その結果、コミュニティースペースとして開設するにいたった。さらに昨秋にはクラウドファンディングで同プロジェクトの周知を図るとともに活動資金を募り、プロジェクター代などの機材費に充てたという。
「新大宮広間」建物は昭和初期に建てられ、長年テーラーが入居していた木造2階建て店舗付き住宅。大掛かりな工事はせず、人々が集える場所として活用できるよう、必要最小限の施工を行った。
1階は大型スクリーンやキッチンを設け、だれでも無料で使用できるスペースとした。非営利目的であればワークショップや無料講習会などの利用も可能だ。2階は照明やライトスタンド、三脚など機材を一式そろえ、有料スタジオとして貸し出ししている。さらに映像制作や編集、上映会もできるよう完備した。
プロデュース、ディレクションはフラットエージェンシーが、施設管理など運営は(一社)my turnが行っている。

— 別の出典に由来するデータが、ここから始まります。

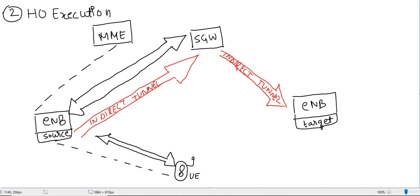Hello everyone, welcome to my channel. We are studying S1 handover and we have already seen handover preparation in the last lecture. Here we are going to study handover execution.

現在、オープンから2カ月。子連れや地域の住民の利用があるという。改修にかかった費用は600万円。機材代は80万円。
2018年、第一弾となるまちづくりも更地を広場として開設
新大宮商店街でのまちづくりの取り組みは、荒川オーナーやフラットエージェンシーにとって初の取り組みという訳ではない。商店街内の更地を地域の憩いの場「新大宮広場」として開放しており、小物販売やマルシェ、料理教室などさまざまなイベントが実施されているのだ。
荒川オーナーは「古くから住む人、これから住む人、町に興味がある人。みんなの居場所にすることが地域創生につながると思う。少子高齢化が進み、コロナ禍で社会変化が起こるいま、さまざまな取り組みにチャレンジしたい」と意気込みを語った。